In the cabbage, only the concentration of Hg (q’ = 0.001, p = 0.045) in the industrial area was significantly higher than that of the rural area.
In the celery, the concentrations of Pb (q’ = 0.074, p = 0.046), Cu (q’ = 0.494, p = 0.029) and Cr (q’ = 0.055, p = 0.006) in the industrial area and the concentrations of Cu (q’ = 0.589, p = 0.009) and Cr (q’ = 0.055, p = 0.006) in the suburban area were significantly higher than that of the rural area.
According to the GB18406.1-2001 standard [25], the level of Cd in the four vegetables that were studied in the suburban, industrial and rural area samples were 43.9%, 27.5%, and 5.0%, respectively exceeding the standard limit (data not shown).
Table 3 shows the metal concentrations in rice. The concentrations of Cu (t = 5.078, p < 0.001), Cr (t = 2.419, p = 0.030) and Ni (t = 5.078, p < 0.001) in the rice in the industrial area were significantly higher, whereas Zn (t = −5.728, p < 0.001) was significantly lower, than that of the rural area.

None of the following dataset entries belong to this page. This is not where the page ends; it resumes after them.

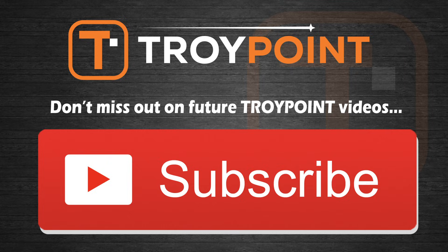Guys, be sure to take a look in the notes below — I will provide links to everything that I referenced in this video. Thank you very much for watching. Please be sure to hit the thumbs up button, subscribe to my channel, and click the bell icon to be notified when I release new videos like this in the future. As always, have a great day and thanks for following TroyPoint.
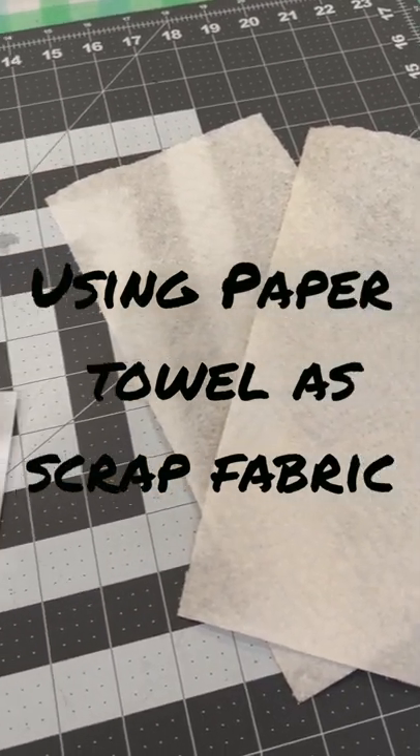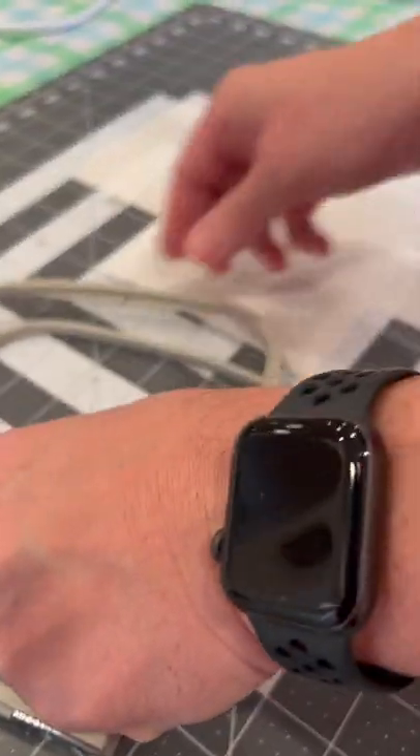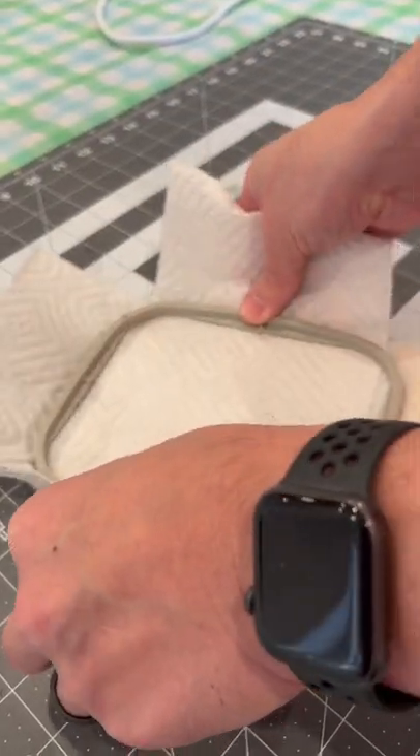Today we're going to try using a double layered paper towel in replacement of scrap fabric, as a tip from a viewer. We're first going to try doing this without stabilizer, and later try with.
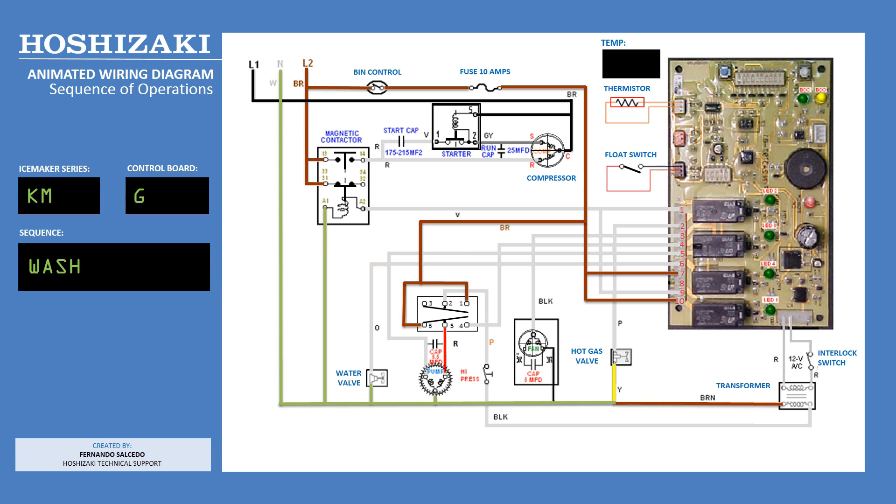When you turn the switch to wash, there is direct power to the water pump. It is not controlled by the board. This is a good way to verify power to the unit and check the water pump.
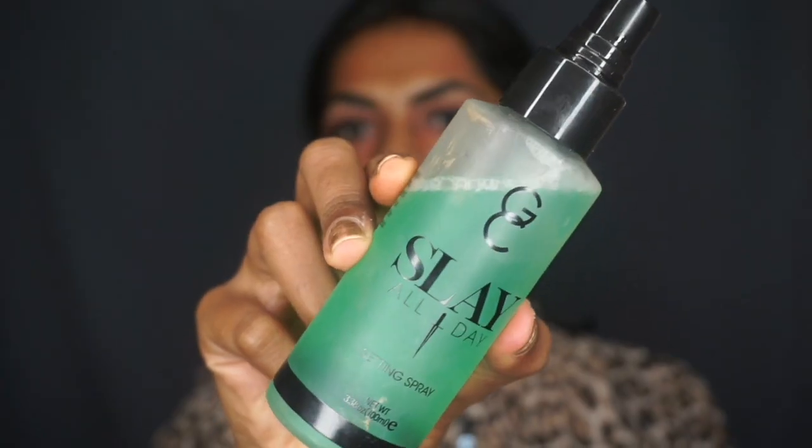Before I use my foundation, I'm going to use a setting spray. The setting spray I use is from Gerard Cosmetics — it's called Slay All Day. It's my most favorite setting spray in recent times.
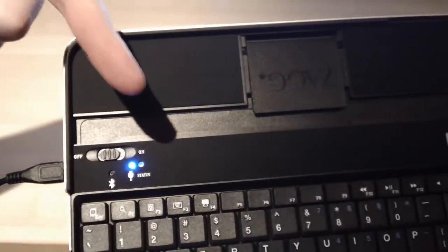Just like that. And when it's charging you'll see the little blue light on. When it's finished charging the little blue light will go off.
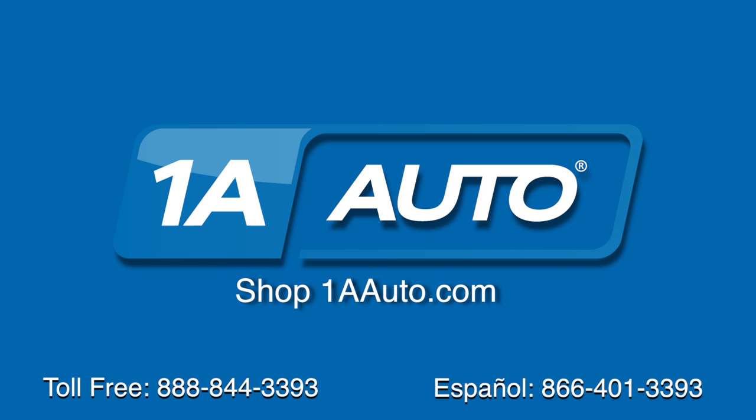Brought to you by 1AAuto.com, your source for quality parts and the best service on the internet. Hi, I'm Mike from 1AAuto. I hope this how-to video helps you out and next time you need parts for your vehicle, think of 1AAuto.com. Thanks.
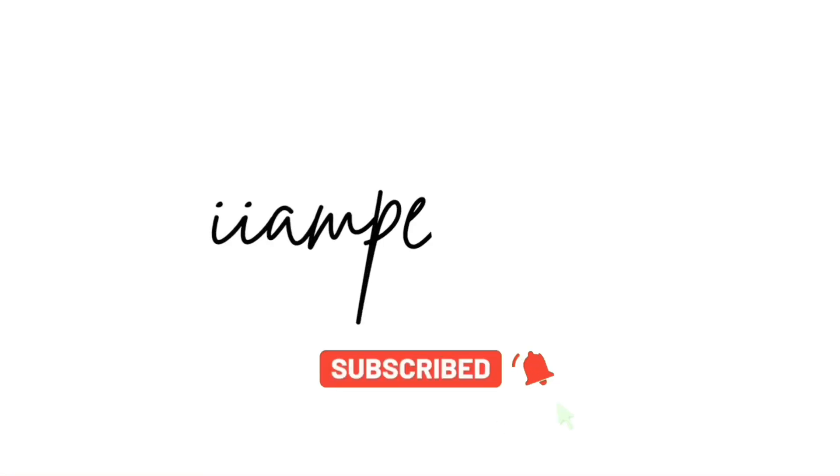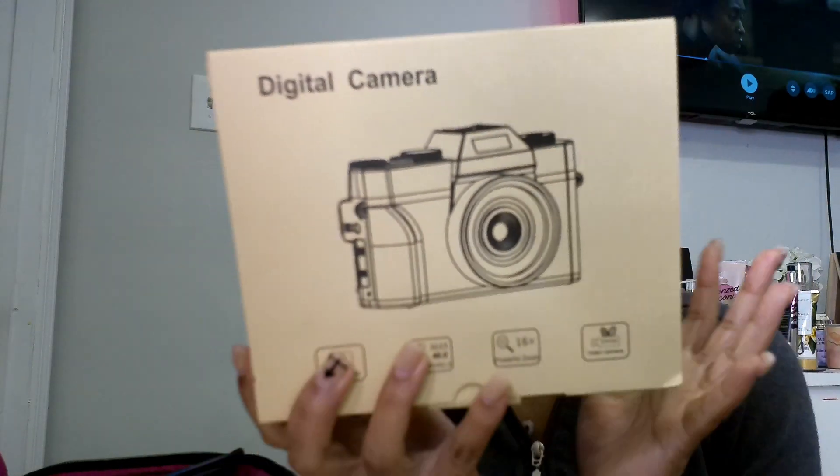Hey y'all, welcome back to another video. This video is going to be me doing a box opening slash review on the Amazon 4K camera. I'm recording with the camera so y'all can see the whole video, see how the camera acts, the quality, and everything while watching. I do have on makeup right now so if y'all could tell, yeah.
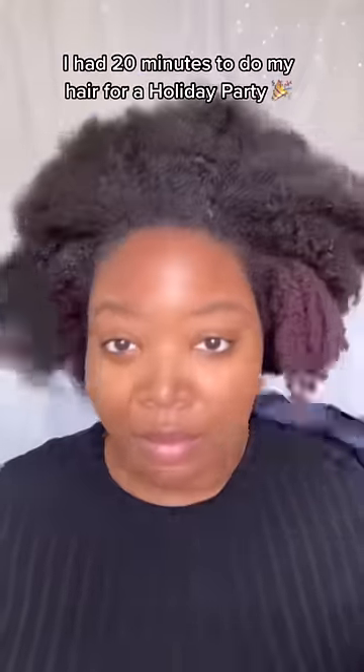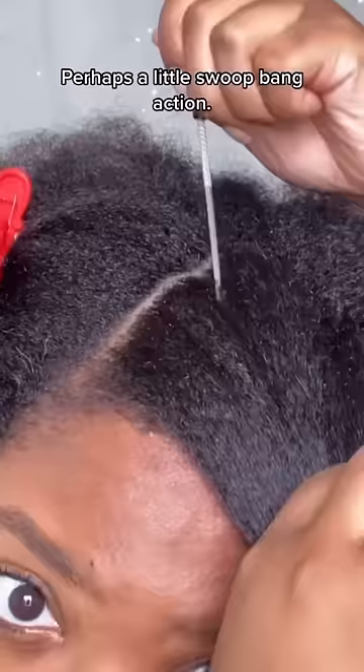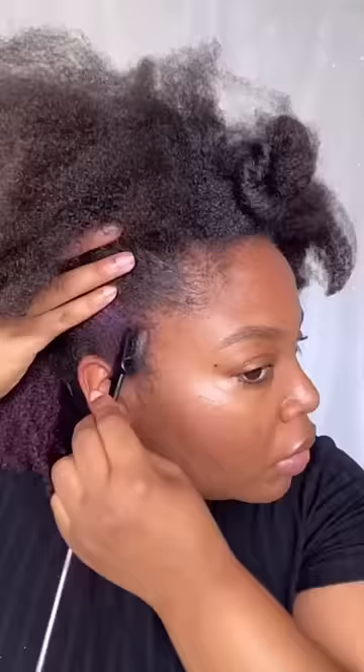I had 20 minutes to do my hair for a holiday party and I wanted to do something besides my go-to puff — perhaps a little swoop bang action. I'm not going to lie, I was a bit skeptical.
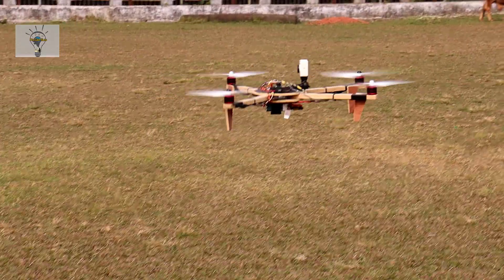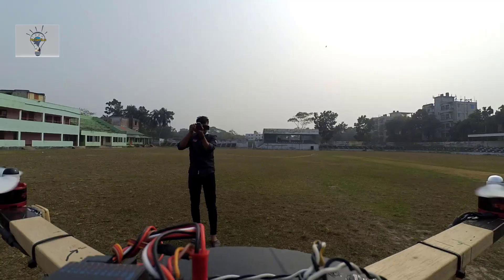This is the first time on our channel — a Homemade Foldable V-tailed Drone. The whole drone build is full detail. Our channel is making this for the first time. This video is the final build reveal: the Homemade Foldable V-tailed Drone.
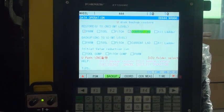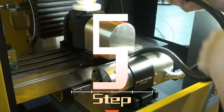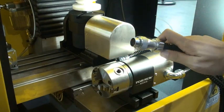Power off will be prompted after loading — do so. Then plug in the 5-axis rotary table and power on.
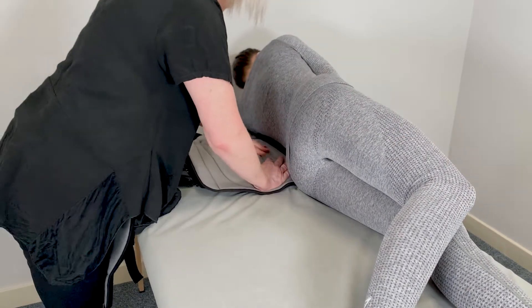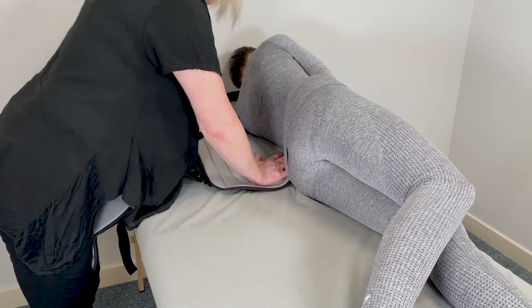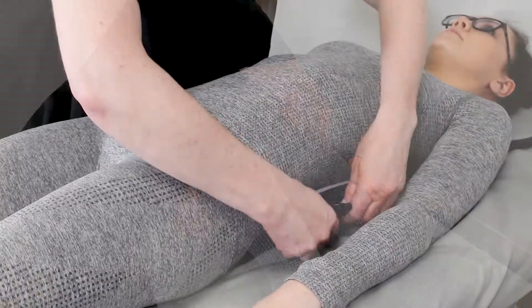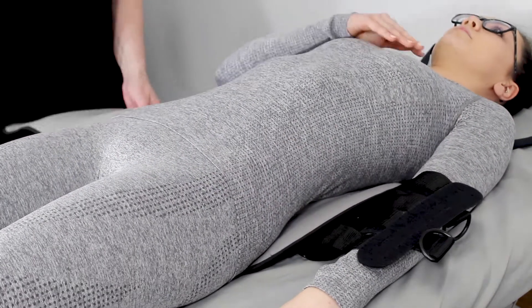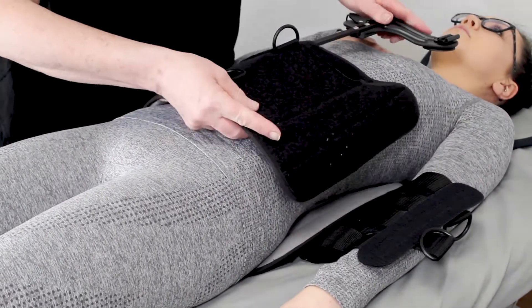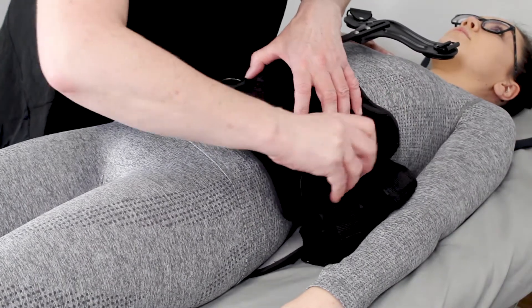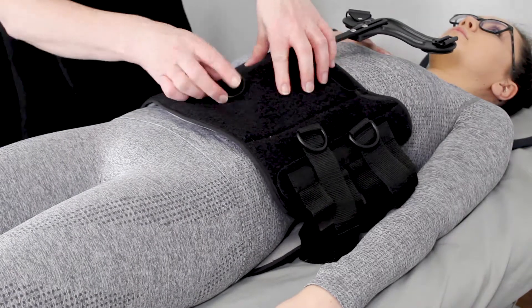Following your trust moving and handling policies, log roll your patient to the preferred side. Open the brace, compress the bed down, and slide the left or right side of the brace under the patient until the centre of the back panel is in line with the centre of the spine. Roll the patient back and make any necessary adjustments to ensure the brace is fitted centrally.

3.1.2. In the Environmental Samples (Soil and Irrigation Water)

Table 4 shows the metal concentrations in soil. The mean concentrations of Pb, Cd, Cu, Fe, Mn, Cr, Ni, Zn and Hg in soils are 50.06, 0.29, 53.39, 32,231.12, 733.46, 81.91, 39.53, 396.04, 0.11, and 11.46 mg/kg, respectively. The total Cd in Ningbo area were 32.25% exceeding the standard limit exceed their class II standard. The Hg concentrations in both suburban (q’ = 0.110, p = 0.016) and industrial (q’ = 0.104, p = 0.020) areas were significantly higher than that of the rural areas.
Table 5 shows the metal concentrations in irrigation water. Differences in Cd, Cu, and Mn concentrations in the irrigation water were observed among three areas. In irrigation water, Cd (q’ = 0.053, p = 0.041) and Mn (q’ = 251.222, p < 0.001) in the industrial area and Cu (q’ = 6.37, p = 0.04) and Mn (q’ = 125.162, p = 0.005) in the suburban areas were significantly higher than that in the rural areas.

3.1.3. Assessment of Metal Pollution in Food and Environment

The descriptive statistics of the pollution index (PI) of metal concentrations in food and the environment is presented in Table 6. The PI of each of the metals was calculated to assess the pollution degree of different metals in food and the environment, it was classified according to five classes: PI ≤ 1.0 (safe), 1.0 < PI ≤ 2.0 (slight pollution), 2.0 < PI ≤ 3.0 (mild pollution), 3.0 < PI ≤ 5.0 (moderate pollution), and PI > 5.0 (severe pollution). The PIs of all the elements were at the safe level, except Cd and Zn in soil (1.069, 1.584), which means that the soil is slightly polluted. In addition, according to the PI, Cd contamination levels in vegetables, rice, and soil were relatively high. Among all of the samples, soil contamination levels were relatively high. The PIs of soil were in the following decreasing order: Zn (1.584) > Cd (1.069) > Ni (0.791) > Cu (0.534) > Cr (0.410) > Pb (0.167).

3.1.4. Correlation Analysis of Metals between Environmental Samples and Food Samples

Table 7 shows the correlation analysis of metal concentrations in different environmental samples. A positive correlation was found between the concentrations of Pb (r = 0.793, p < 0.01), Cd (r = 0.745, p < 0.01) and Cu (r = 0.604, p < 0.05) in vegetables and soil. Pb (r = 0.648, p < 0.05), Cu (r = 0.967, p < 0.001), Cr (r = 0.587, p < 0.05), and Ni (r = 0.804, p < 0.001) in vegetables were correlated with that in irrigation water. Cu (r = 0.885, p < 0.001) and Ni (r = 0.796, p < 0.01) in rice were correlated with that in irrigation water.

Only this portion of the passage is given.